Restate word for word the lines from the one bearing "Электробритва RAF R.11204" through the end of the entries below, and leave every picture out.

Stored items
····················

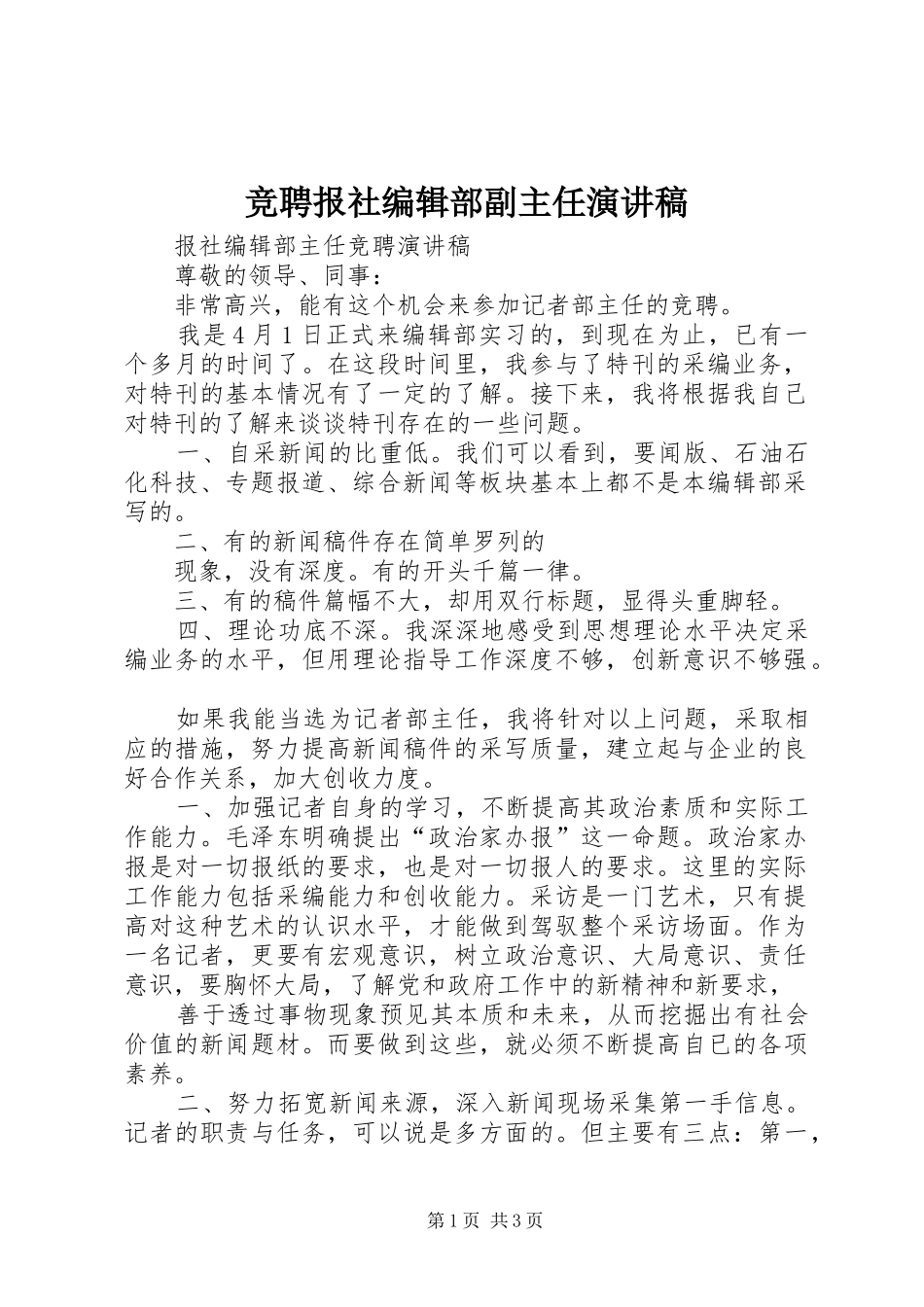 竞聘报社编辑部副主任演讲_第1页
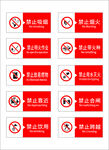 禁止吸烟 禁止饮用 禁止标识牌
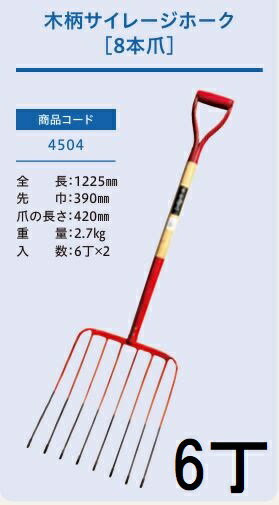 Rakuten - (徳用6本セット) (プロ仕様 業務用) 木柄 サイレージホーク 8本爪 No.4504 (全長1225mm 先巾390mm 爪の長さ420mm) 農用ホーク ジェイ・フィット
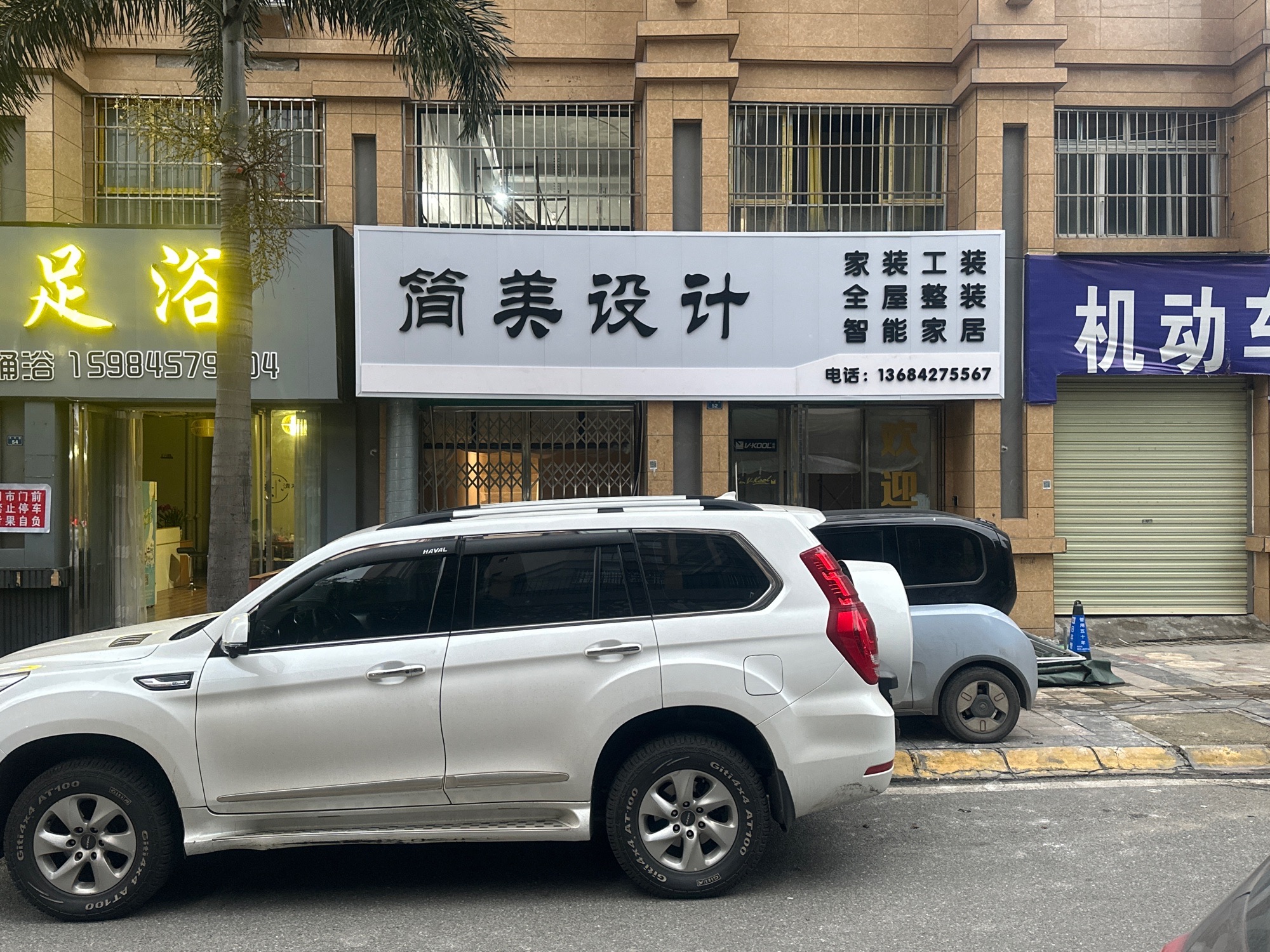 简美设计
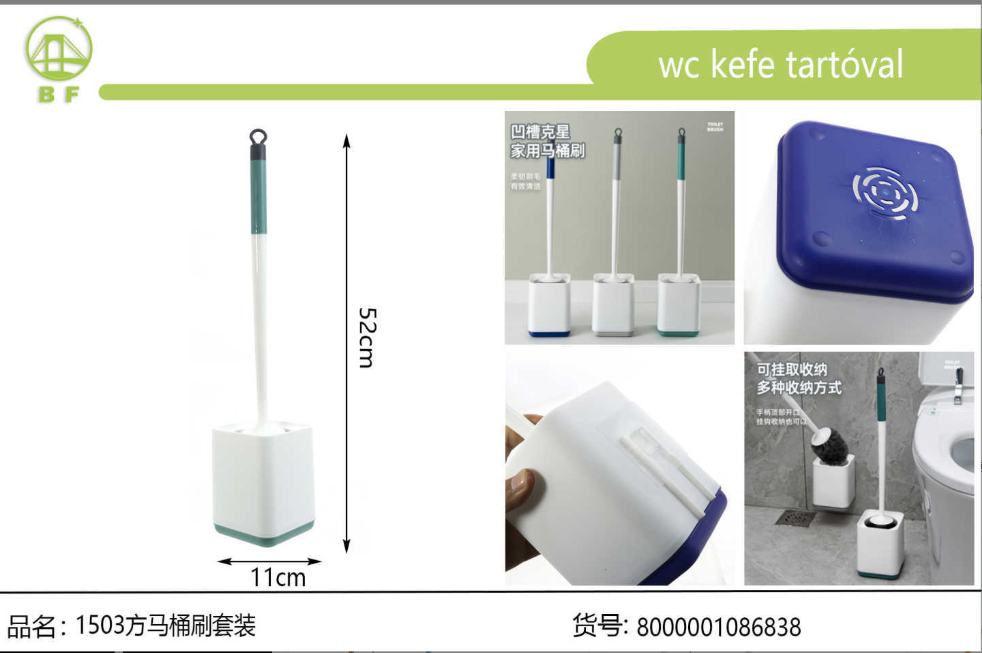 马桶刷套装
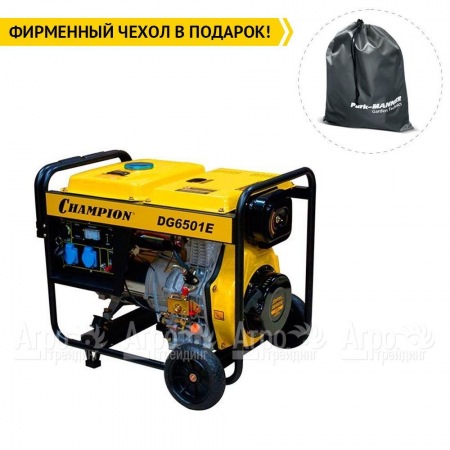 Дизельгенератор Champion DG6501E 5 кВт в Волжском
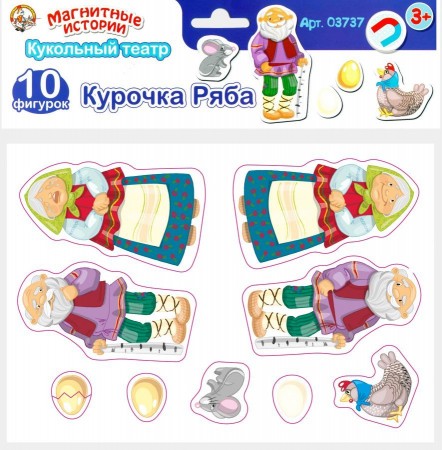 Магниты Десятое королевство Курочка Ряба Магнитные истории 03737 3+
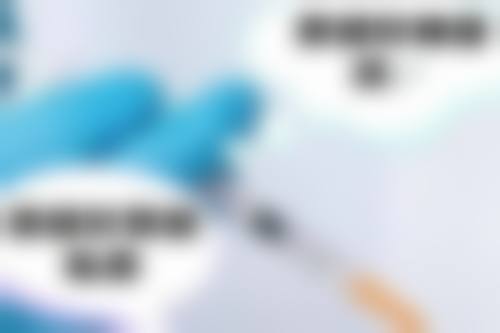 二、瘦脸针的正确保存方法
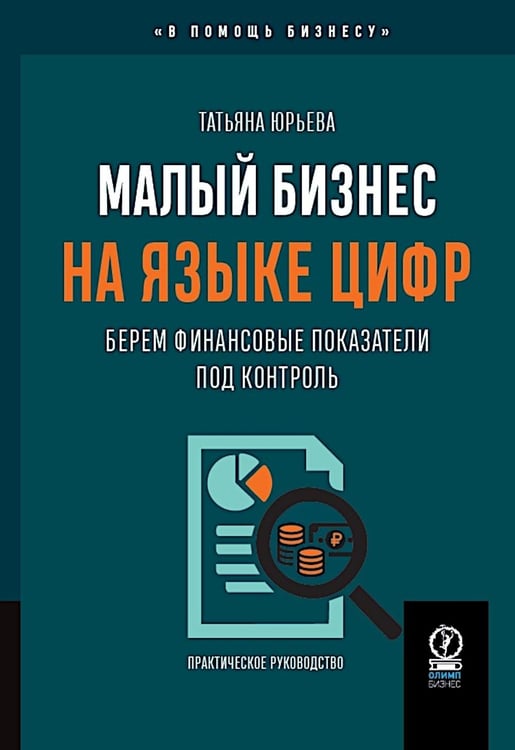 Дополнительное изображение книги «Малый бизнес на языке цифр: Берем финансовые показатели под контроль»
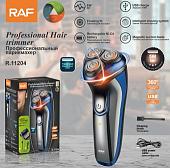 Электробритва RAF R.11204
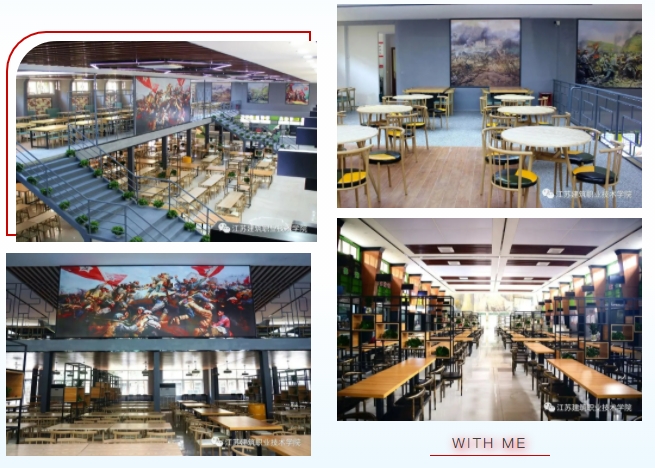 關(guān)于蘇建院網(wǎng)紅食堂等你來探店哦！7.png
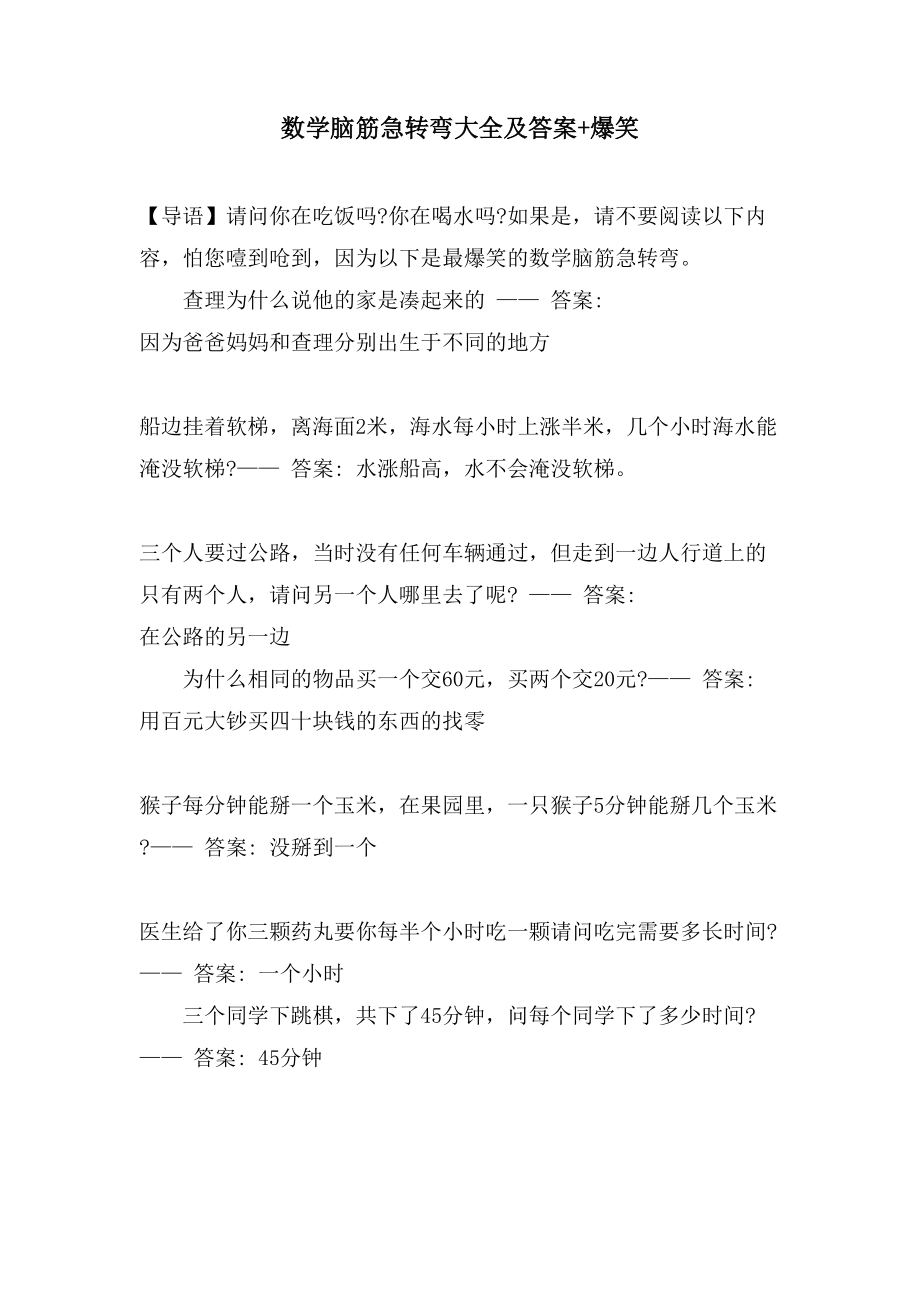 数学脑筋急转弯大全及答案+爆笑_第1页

····················

Written response:
 Электробритва RAF R.11204
 關(guān)于蘇建院網(wǎng)紅食堂等你來探店哦！7.png
 数学脑筋急转弯大全及答案+爆笑_第1页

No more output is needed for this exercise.